Disrupting PfAP2-G function results in loss of gametocyte production

A) Positions of pfap2-g mutations in the gametocyte non-producer lines F12 and GNP-A4 and the targeted deletion of Δpfap2-g. B) Southern blot showing successful disruption of the pfap2-g locus by homologous recombination (also see Supplementary Fig. 4). Single replicate. C) pfap2-g mutants fail to produce gametocytes (n=3, standard error shown, scalebar = 5 μm). D) Ligand-regulatable gametocyte formation in PfAP2-G-ddFKBP (bottom row images) but not in the E5 parent (top row images) Representive of n=4. E) Quantification of ligand-regulatable gametocyte formation (n=4, standard error shown).

To directly test the contribution of PfAP2-G function to gametocyte formation, we generated a PfAP2-G null mutant (Δpfap2-g) via double homologous recombination in the high gametocyte producing 3D7-B subclone E5 (Fig. 2A-B and Supplementary Fig. 4). As predicted based on our earlier sequencing results, the Δpfap2-g mutant completely lost the ability to produce gametocytes (Fig. 2C). In order to identify any additional mutations that may have been acquired in the extended process of generating the PfAP2-G knockout, we sequenced the genomes of both Δpfap2-g and its E5 parent. Apart from the targeted deletion, we found only a limited number of additional mutations within coding regions, none of which are shared with the other non-producer lines that we sequenced or found in genes previously linked to gametocyte development[14-16] (Supplementary Table 1). This combination of forward and reverse genetic evidence strongly implies the essentiality of PfAP2-G for the production of gametocytes in P. falciparum. In direct competition cultures Δpfap2-g consistently outgrew its parent E5, consistent with the fact that PfAP2-G action occurs at or prior to the asexual/sexual decision but not thereafter as only a failure to initiate gametocytogenesis would provide an in vitro growth advantage (Supplementary Fig. 5).

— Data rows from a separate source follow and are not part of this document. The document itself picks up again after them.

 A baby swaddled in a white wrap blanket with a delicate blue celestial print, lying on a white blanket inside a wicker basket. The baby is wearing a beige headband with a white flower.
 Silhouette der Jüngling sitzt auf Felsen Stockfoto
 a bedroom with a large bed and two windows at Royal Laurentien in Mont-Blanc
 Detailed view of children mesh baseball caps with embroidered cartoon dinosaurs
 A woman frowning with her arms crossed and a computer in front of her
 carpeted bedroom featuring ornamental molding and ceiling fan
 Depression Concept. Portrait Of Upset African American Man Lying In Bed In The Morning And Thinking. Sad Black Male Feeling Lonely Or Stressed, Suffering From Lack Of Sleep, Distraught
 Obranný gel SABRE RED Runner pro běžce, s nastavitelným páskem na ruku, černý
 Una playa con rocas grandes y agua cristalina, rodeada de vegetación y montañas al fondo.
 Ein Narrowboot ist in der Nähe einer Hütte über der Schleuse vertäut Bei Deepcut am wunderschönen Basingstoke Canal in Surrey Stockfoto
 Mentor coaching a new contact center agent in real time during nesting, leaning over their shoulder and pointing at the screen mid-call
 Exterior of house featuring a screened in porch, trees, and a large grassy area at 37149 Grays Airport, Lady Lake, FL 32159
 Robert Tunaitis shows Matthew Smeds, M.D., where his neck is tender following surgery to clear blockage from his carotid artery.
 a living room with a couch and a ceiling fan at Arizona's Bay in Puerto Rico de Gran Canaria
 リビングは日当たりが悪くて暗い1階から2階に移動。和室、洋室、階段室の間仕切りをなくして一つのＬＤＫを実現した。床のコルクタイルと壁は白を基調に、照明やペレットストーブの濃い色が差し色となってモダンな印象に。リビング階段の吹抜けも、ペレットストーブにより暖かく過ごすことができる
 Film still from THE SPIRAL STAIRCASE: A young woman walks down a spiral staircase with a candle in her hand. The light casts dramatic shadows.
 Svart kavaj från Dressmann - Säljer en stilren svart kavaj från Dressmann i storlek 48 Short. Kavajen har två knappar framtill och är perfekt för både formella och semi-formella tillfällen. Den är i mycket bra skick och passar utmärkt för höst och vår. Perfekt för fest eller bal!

Attempts at generating full-length complementation expression constructs were unsuccessful, likely due the considerable length (7.3kb) of the coding sequence and its very low complexity (21.8% GC and long repeat sequences). As an alternative confirmation for the role of PfAP2-G in gametocyte formation, we made PfAP2-G function ligand-regulatable by appending the ddFKBP destabilization domain to the 3′ end of the endogenous coding sequence, (pfap2-g-ddfkbp, Supplementary Fig. 6A-B). In the absence of its ligand Shield-1 (Shld1) the ddFKBP domain is unstable and targets fusion proteins for proteolytic degradation[18,19], thus making PfAP2-G protein levels regulatable by the addition of Shld1 (Supplementary Fig. 6C). Indeed, in the pfap2-g-ddfkbp line gametocyte formation was completely dependent on the addition of Shld1, while its presence had no effect on gametocyte production by the E5 parent (Fig. 2D-E), demonstrating that PfAP2-G function is essential for gametocyte formation.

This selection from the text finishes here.